(Short text fragments from websites)

+-------+

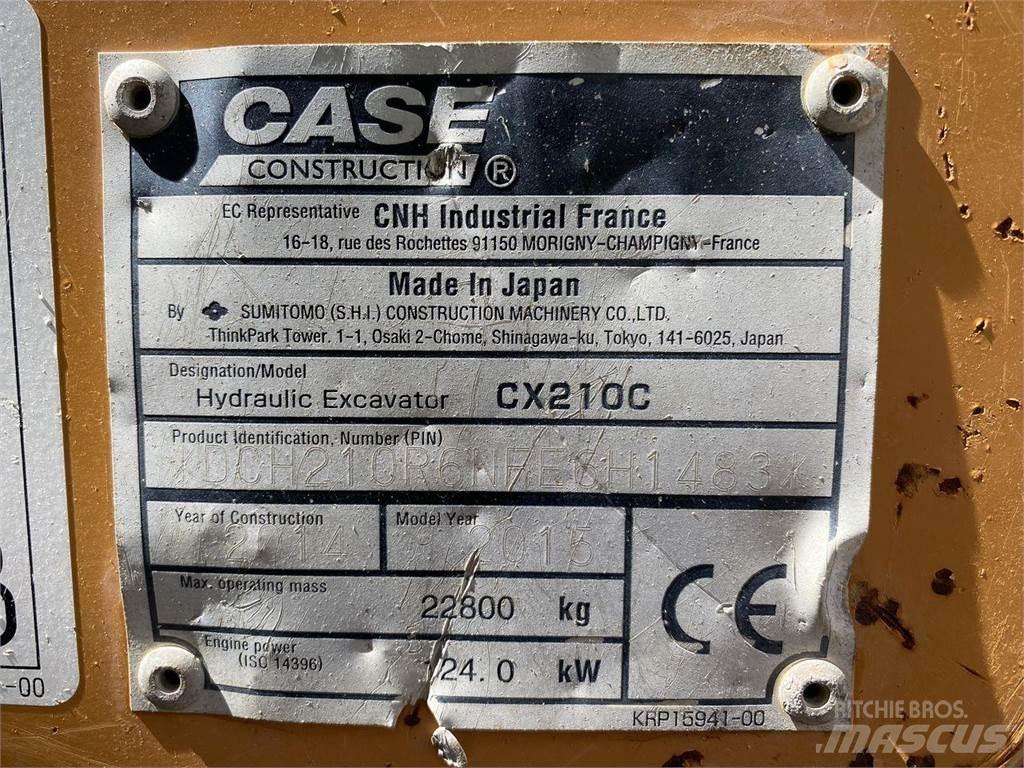 CASE CX210 履帶式 挖土機/掘鑿機/挖掘機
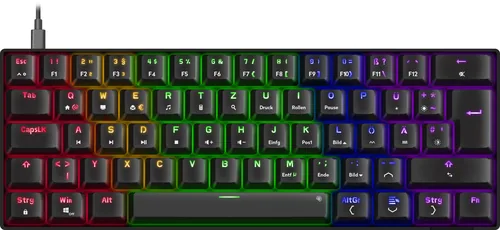 Speedlink ATMOS RGB Mechanical 60 Gaming Keyboard brown sw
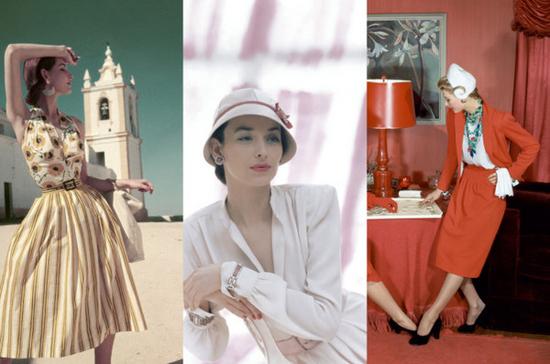 图中从左至右：Dovima、Dorian Leigh和Lisa Fonssagrives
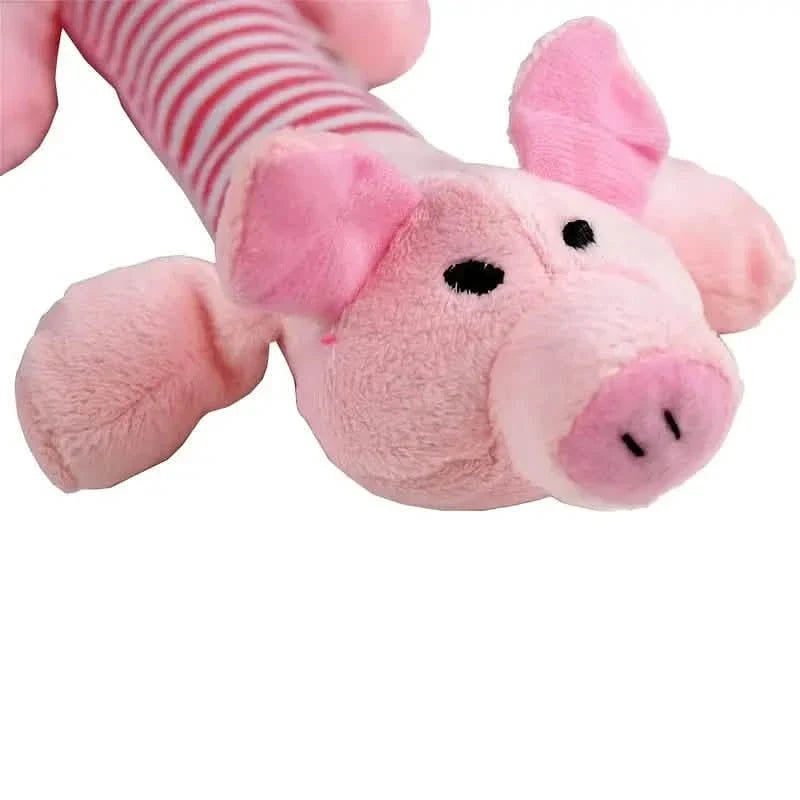 Plush Dog Squeak Chew Toy Pig-Elephant Design – photo 8 of 10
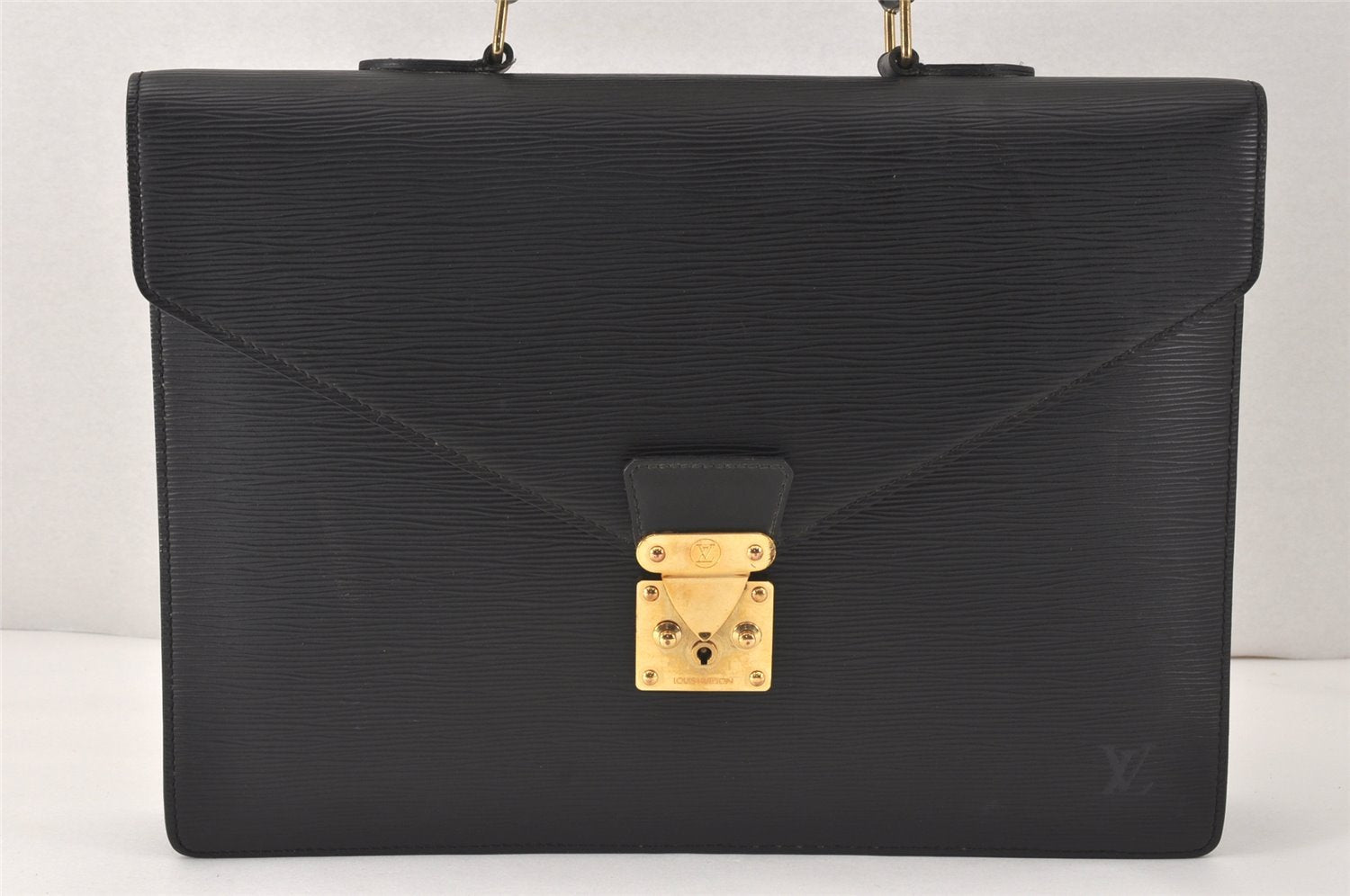 Authentic Louis Vuitton Epi Serviette Conseiller Briefcase Black M54422 LV 3257K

+-------+

WHAT TO WORK ON
Word for word, set down the lines from the line with "图中从左至右：Dovima、Dorian Leigh和Lisa Fonssagrives" through the last line of the entries, and nothing else; the pictures stay out.

SOLUTION FOR THIS TASK
 图中从左至右：Dovima、Dorian Leigh和Lisa Fonssagrives
 Plush Dog Squeak Chew Toy Pig-Elephant Design – photo 8 of 10
 Authentic Louis Vuitton Epi Serviette Conseiller Briefcase Black M54422 LV 3257K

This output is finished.